WHAT THIS TASK INVOLVES:
Would you print all of the records below exactly, without skipping any?

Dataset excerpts
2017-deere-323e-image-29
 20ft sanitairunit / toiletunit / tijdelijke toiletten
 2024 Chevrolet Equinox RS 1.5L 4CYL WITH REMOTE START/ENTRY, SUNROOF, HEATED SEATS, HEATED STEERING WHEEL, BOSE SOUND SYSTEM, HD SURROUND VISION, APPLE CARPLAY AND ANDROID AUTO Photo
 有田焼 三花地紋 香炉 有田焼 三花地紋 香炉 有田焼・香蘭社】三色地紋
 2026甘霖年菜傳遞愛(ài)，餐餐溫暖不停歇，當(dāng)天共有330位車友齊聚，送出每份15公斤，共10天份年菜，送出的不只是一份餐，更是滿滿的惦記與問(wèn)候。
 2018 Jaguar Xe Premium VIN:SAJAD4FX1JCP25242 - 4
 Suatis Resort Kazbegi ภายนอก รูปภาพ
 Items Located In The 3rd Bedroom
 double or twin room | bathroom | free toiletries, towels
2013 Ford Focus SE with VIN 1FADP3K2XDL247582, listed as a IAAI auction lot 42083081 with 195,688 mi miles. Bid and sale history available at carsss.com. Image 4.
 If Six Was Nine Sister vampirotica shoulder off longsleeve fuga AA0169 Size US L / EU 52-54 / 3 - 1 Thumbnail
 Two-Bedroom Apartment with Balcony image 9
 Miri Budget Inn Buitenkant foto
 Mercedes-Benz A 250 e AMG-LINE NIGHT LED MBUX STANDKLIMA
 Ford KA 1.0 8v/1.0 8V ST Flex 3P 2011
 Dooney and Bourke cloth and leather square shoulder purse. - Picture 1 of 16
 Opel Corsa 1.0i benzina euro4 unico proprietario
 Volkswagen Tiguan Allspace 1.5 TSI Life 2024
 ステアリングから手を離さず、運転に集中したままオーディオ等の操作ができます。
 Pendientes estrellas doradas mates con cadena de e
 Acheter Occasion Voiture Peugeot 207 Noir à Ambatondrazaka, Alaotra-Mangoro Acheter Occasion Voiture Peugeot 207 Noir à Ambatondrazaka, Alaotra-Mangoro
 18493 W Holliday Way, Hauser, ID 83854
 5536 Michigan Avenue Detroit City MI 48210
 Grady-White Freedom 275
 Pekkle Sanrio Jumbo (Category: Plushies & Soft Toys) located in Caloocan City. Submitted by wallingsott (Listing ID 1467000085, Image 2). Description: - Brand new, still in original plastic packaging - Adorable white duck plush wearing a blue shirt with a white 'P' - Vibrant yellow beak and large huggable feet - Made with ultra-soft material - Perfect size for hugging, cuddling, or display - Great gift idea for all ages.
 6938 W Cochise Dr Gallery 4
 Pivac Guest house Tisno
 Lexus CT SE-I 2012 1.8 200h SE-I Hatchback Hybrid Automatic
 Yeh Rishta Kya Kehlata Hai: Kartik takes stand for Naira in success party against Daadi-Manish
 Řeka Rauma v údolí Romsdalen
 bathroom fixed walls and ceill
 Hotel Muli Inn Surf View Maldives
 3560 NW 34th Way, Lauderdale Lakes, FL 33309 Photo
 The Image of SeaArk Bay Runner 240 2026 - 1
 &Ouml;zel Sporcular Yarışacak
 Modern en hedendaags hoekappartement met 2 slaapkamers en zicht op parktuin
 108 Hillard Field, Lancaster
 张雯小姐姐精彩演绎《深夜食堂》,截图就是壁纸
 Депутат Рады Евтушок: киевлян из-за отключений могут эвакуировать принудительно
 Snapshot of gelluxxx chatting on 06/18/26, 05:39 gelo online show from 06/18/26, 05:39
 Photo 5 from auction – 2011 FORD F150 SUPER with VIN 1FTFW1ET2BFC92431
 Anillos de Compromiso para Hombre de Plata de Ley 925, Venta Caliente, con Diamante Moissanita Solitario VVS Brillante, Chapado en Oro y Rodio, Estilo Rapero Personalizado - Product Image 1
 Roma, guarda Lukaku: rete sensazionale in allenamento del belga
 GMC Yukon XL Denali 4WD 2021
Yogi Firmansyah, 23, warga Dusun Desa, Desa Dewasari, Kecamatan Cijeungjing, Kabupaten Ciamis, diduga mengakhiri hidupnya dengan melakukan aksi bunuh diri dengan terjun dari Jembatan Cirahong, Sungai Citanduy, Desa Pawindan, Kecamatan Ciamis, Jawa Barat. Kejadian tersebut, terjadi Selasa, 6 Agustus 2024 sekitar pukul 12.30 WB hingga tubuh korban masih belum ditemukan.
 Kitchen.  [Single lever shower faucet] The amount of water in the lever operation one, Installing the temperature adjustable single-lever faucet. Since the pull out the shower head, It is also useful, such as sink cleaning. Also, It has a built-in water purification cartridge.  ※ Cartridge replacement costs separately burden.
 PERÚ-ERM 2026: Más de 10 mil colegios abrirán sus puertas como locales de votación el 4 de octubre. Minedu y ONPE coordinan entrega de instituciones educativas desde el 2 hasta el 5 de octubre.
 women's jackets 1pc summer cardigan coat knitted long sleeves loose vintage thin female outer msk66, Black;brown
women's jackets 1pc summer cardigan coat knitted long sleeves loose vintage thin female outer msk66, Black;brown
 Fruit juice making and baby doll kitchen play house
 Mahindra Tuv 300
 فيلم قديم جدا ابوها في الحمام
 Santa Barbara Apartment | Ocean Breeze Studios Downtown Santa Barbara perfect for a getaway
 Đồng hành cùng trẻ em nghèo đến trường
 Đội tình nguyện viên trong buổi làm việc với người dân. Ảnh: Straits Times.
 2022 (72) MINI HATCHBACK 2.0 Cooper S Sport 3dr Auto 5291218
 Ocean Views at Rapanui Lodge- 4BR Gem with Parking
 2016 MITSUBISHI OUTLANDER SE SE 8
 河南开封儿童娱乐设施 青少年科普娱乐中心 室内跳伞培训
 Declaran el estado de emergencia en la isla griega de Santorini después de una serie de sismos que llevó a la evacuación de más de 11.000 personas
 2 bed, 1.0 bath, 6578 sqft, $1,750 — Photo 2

OUTPUT BELOW:
2017-deere-323e-image-29
 20ft sanitairunit / toiletunit / tijdelijke toiletten
 2024 Chevrolet Equinox RS 1.5L 4CYL WITH REMOTE START/ENTRY, SUNROOF, HEATED SEATS, HEATED STEERING WHEEL, BOSE SOUND SYSTEM, HD SURROUND VISION, APPLE CARPLAY AND ANDROID AUTO Photo
 有田焼 三花地紋 香炉 有田焼 三花地紋 香炉 有田焼・香蘭社】三色地紋
 2026甘霖年菜傳遞愛(ài)，餐餐溫暖不停歇，當(dāng)天共有330位車友齊聚，送出每份15公斤，共10天份年菜，送出的不只是一份餐，更是滿滿的惦記與問(wèn)候。
 2018 Jaguar Xe Premium VIN:SAJAD4FX1JCP25242 - 4
 Suatis Resort Kazbegi ภายนอก รูปภาพ
 Items Located In The 3rd Bedroom
 double or twin room | bathroom | free toiletries, towels
2013 Ford Focus SE with VIN 1FADP3K2XDL247582, listed as a IAAI auction lot 42083081 with 195,688 mi miles. Bid and sale history available at carsss.com. Image 4.
 If Six Was Nine Sister vampirotica shoulder off longsleeve fuga AA0169 Size US L / EU 52-54 / 3 - 1 Thumbnail
 Two-Bedroom Apartment with Balcony image 9
 Miri Budget Inn Buitenkant foto
 Mercedes-Benz A 250 e AMG-LINE NIGHT LED MBUX STANDKLIMA
 Ford KA 1.0 8v/1.0 8V ST Flex 3P 2011
 Dooney and Bourke cloth and leather square shoulder purse. - Picture 1 of 16
 Opel Corsa 1.0i benzina euro4 unico proprietario
 Volkswagen Tiguan Allspace 1.5 TSI Life 2024
 ステアリングから手を離さず、運転に集中したままオーディオ等の操作ができます。
 Pendientes estrellas doradas mates con cadena de e
 Acheter Occasion Voiture Peugeot 207 Noir à Ambatondrazaka, Alaotra-Mangoro Acheter Occasion Voiture Peugeot 207 Noir à Ambatondrazaka, Alaotra-Mangoro
 18493 W Holliday Way, Hauser, ID 83854
 5536 Michigan Avenue Detroit City MI 48210
 Grady-White Freedom 275
 Pekkle Sanrio Jumbo (Category: Plushies & Soft Toys) located in Caloocan City. Submitted by wallingsott (Listing ID 1467000085, Image 2). Description: - Brand new, still in original plastic packaging - Adorable white duck plush wearing a blue shirt with a white 'P' - Vibrant yellow beak and large huggable feet - Made with ultra-soft material - Perfect size for hugging, cuddling, or display - Great gift idea for all ages.
 6938 W Cochise Dr Gallery 4
 Pivac Guest house Tisno
 Lexus CT SE-I 2012 1.8 200h SE-I Hatchback Hybrid Automatic
 Yeh Rishta Kya Kehlata Hai: Kartik takes stand for Naira in success party against Daadi-Manish
 Řeka Rauma v údolí Romsdalen
 bathroom fixed walls and ceill
 Hotel Muli Inn Surf View Maldives
 3560 NW 34th Way, Lauderdale Lakes, FL 33309 Photo
 The Image of SeaArk Bay Runner 240 2026 - 1
 &Ouml;zel Sporcular Yarışacak
 Modern en hedendaags hoekappartement met 2 slaapkamers en zicht op parktuin
 108 Hillard Field, Lancaster
 张雯小姐姐精彩演绎《深夜食堂》,截图就是壁纸
 Депутат Рады Евтушок: киевлян из-за отключений могут эвакуировать принудительно
 Snapshot of gelluxxx chatting on 06/18/26, 05:39 gelo online show from 06/18/26, 05:39
 Photo 5 from auction – 2011 FORD F150 SUPER with VIN 1FTFW1ET2BFC92431
 Anillos de Compromiso para Hombre de Plata de Ley 925, Venta Caliente, con Diamante Moissanita Solitario VVS Brillante, Chapado en Oro y Rodio, Estilo Rapero Personalizado - Product Image 1
 Roma, guarda Lukaku: rete sensazionale in allenamento del belga
 GMC Yukon XL Denali 4WD 2021
Yogi Firmansyah, 23, warga Dusun Desa, Desa Dewasari, Kecamatan Cijeungjing, Kabupaten Ciamis, diduga mengakhiri hidupnya dengan melakukan aksi bunuh diri dengan terjun dari Jembatan Cirahong, Sungai Citanduy, Desa Pawindan, Kecamatan Ciamis, Jawa Barat. Kejadian tersebut, terjadi Selasa, 6 Agustus 2024 sekitar pukul 12.30 WB hingga tubuh korban masih belum ditemukan.
 Kitchen.  [Single lever shower faucet] The amount of water in the lever operation one, Installing the temperature adjustable single-lever faucet. Since the pull out the shower head, It is also useful, such as sink cleaning. Also, It has a built-in water purification cartridge.  ※ Cartridge replacement costs separately burden.
 PERÚ-ERM 2026: Más de 10 mil colegios abrirán sus puertas como locales de votación el 4 de octubre. Minedu y ONPE coordinan entrega de instituciones educativas desde el 2 hasta el 5 de octubre.
 women's jackets 1pc summer cardigan coat knitted long sleeves loose vintage thin female outer msk66, Black;brown
women's jackets 1pc summer cardigan coat knitted long sleeves loose vintage thin female outer msk66, Black;brown
 Fruit juice making and baby doll kitchen play house
 Mahindra Tuv 300
 فيلم قديم جدا ابوها في الحمام
 Santa Barbara Apartment | Ocean Breeze Studios Downtown Santa Barbara perfect for a getaway
 Đồng hành cùng trẻ em nghèo đến trường
 Đội tình nguyện viên trong buổi làm việc với người dân. Ảnh: Straits Times.
 2022 (72) MINI HATCHBACK 2.0 Cooper S Sport 3dr Auto 5291218
 Ocean Views at Rapanui Lodge- 4BR Gem with Parking
 2016 MITSUBISHI OUTLANDER SE SE 8
 河南开封儿童娱乐设施 青少年科普娱乐中心 室内跳伞培训
 Declaran el estado de emergencia en la isla griega de Santorini después de una serie de sismos que llevó a la evacuación de más de 11.000 personas
 2 bed, 1.0 bath, 6578 sqft, $1,750 — Photo 2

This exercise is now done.